What is expected — Reproduce every entry below exactly, minus the pictures.

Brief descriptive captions
──────────

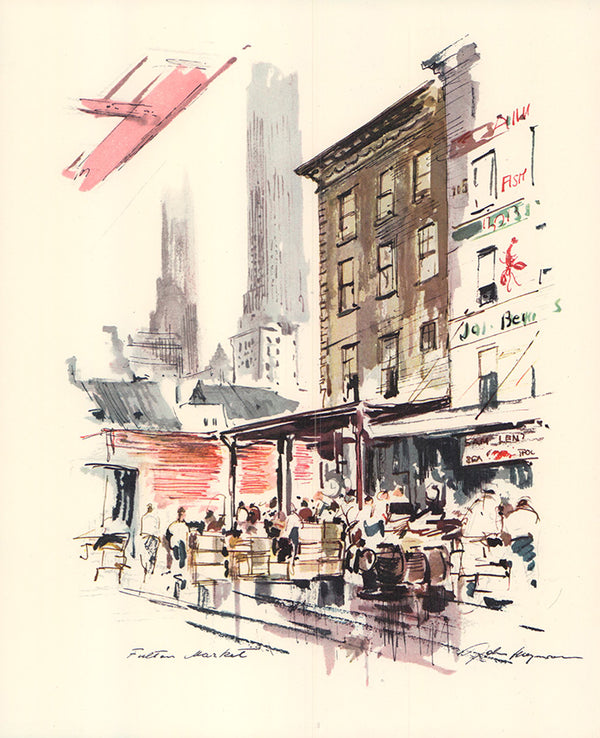 Sheet no 1 - New York City H by John Haymson - 10 X 12 Inches (Art Print)
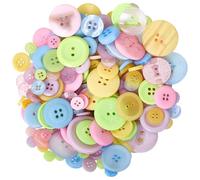 CABODYALS 150G Pink Green 4 Hole Assorted Bulk Resin Buttons Flat Round Vintage Retro Flatback Plastic Small Replacement Chrismas Decorative Buttons for Sewing Making Crafts Clothes Decorations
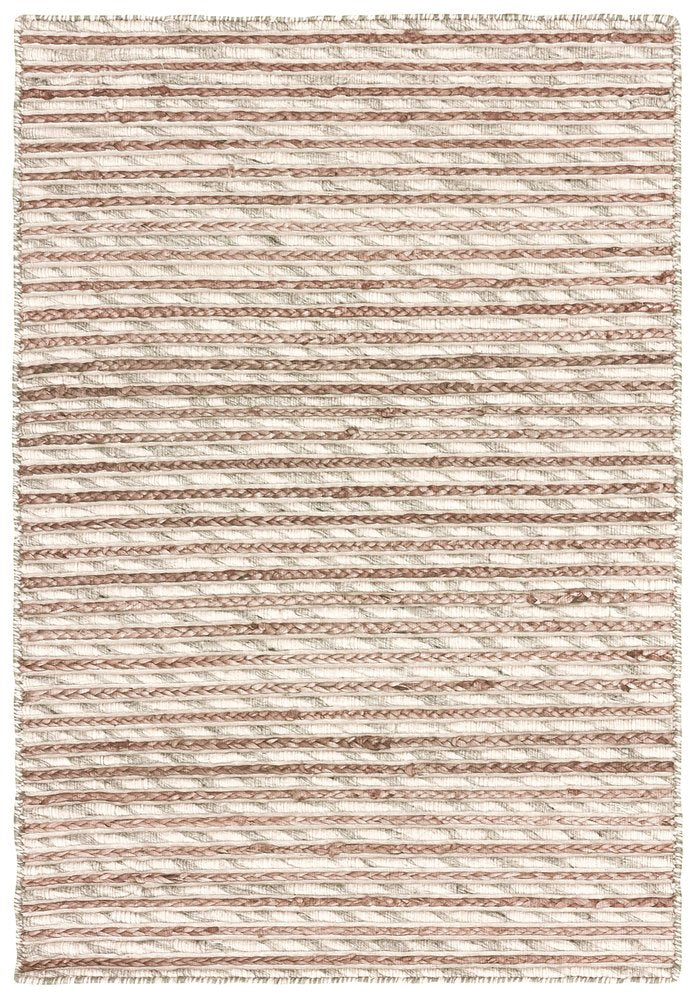 Wool Striped Hand Braided Area Rug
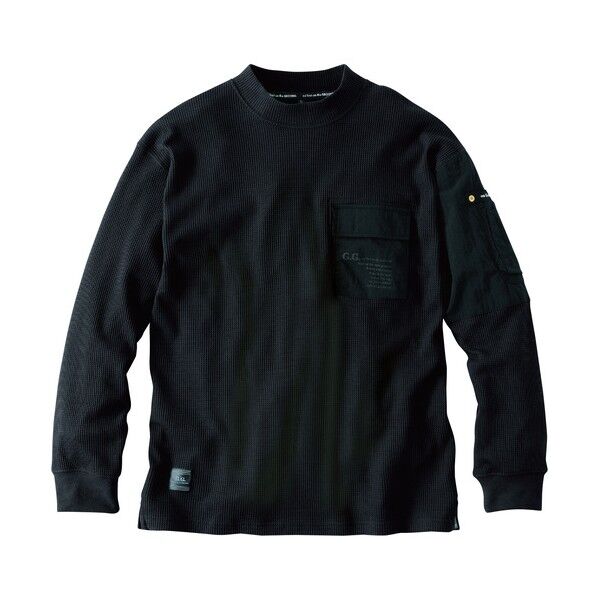  4475-52 長袖Tシャツ（胸ポケット） ブラック 4L 4L ブラック 4475-52-4-4L...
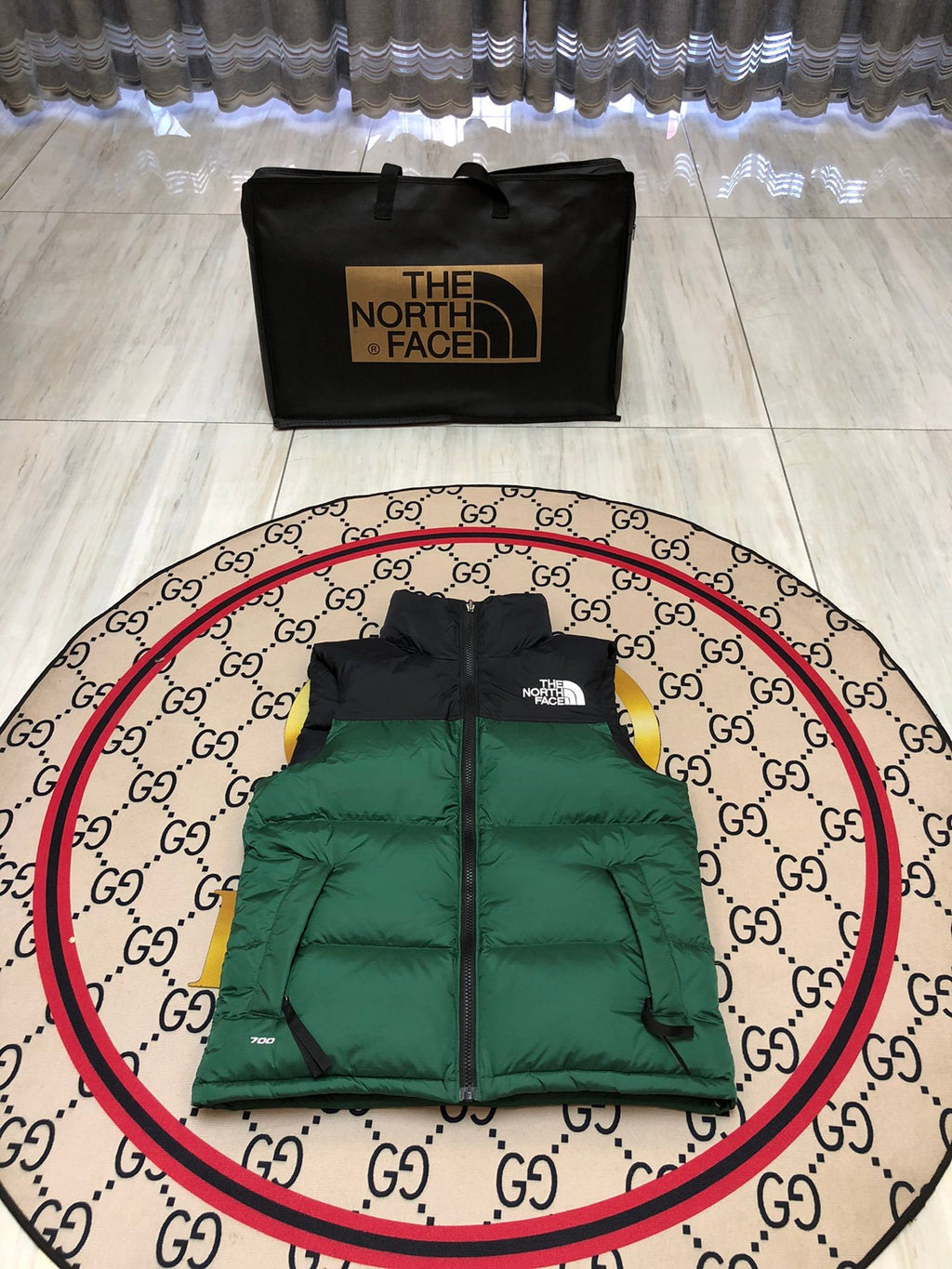 The North Face Green Down Vest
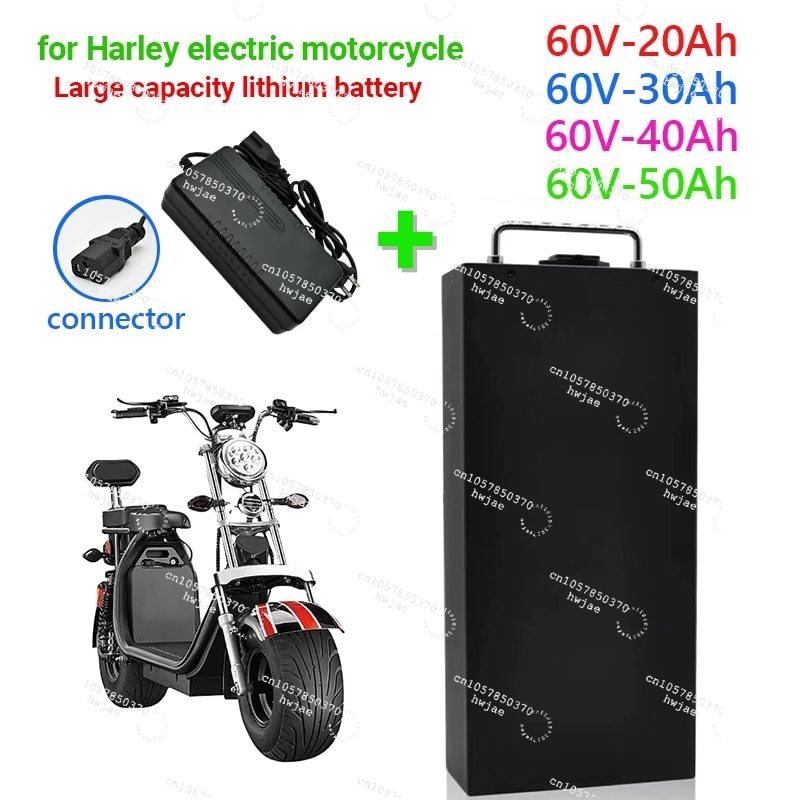 Elektrische scooter elektrisch - 60V 50Ah Electric Scooter Battery recensie en prijs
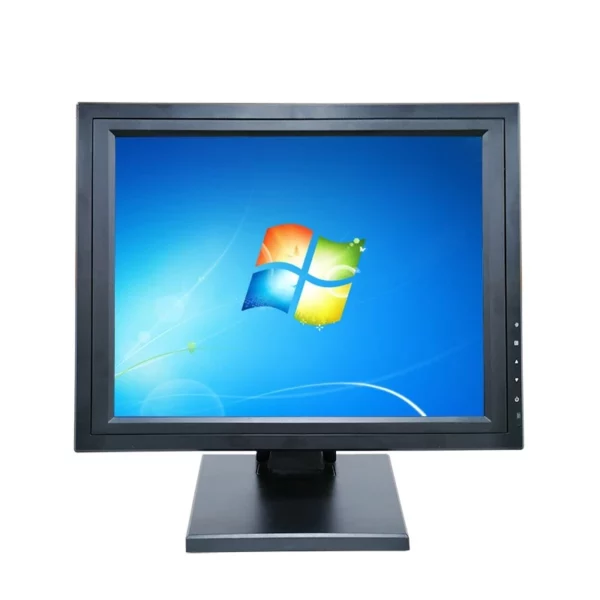 15,1-Zoll-Touchscreen-POS-Monitor mit klappbarem Sockel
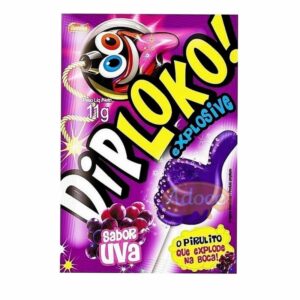 Pirulito danilla dip loko explosive uva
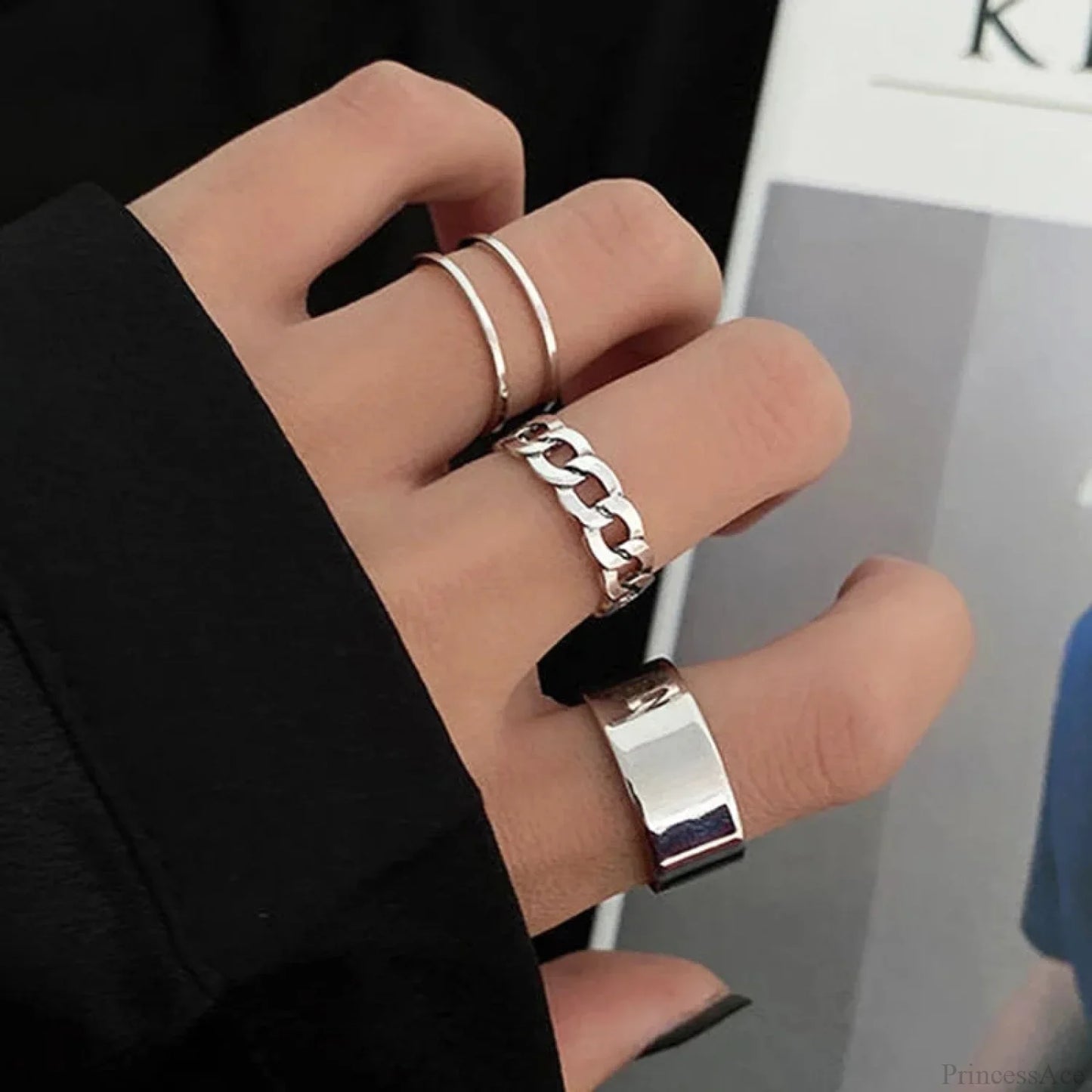 Rebellious Dark Bat Wing Ring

──────────

Reply —
 Sheet no 1 - New York City H by John Haymson - 10 X 12 Inches (Art Print)
 CABODYALS 150G Pink Green 4 Hole Assorted Bulk Resin Buttons Flat Round Vintage Retro Flatback Plastic Small Replacement Chrismas Decorative Buttons for Sewing Making Crafts Clothes Decorations
 Wool Striped Hand Braided Area Rug
  4475-52 長袖Tシャツ（胸ポケット） ブラック 4L 4L ブラック 4475-52-4-4L...
 The North Face Green Down Vest
 Elektrische scooter elektrisch - 60V 50Ah Electric Scooter Battery recensie en prijs
 15,1-Zoll-Touchscreen-POS-Monitor mit klappbarem Sockel
 Pirulito danilla dip loko explosive uva
 Rebellious Dark Bat Wing Ring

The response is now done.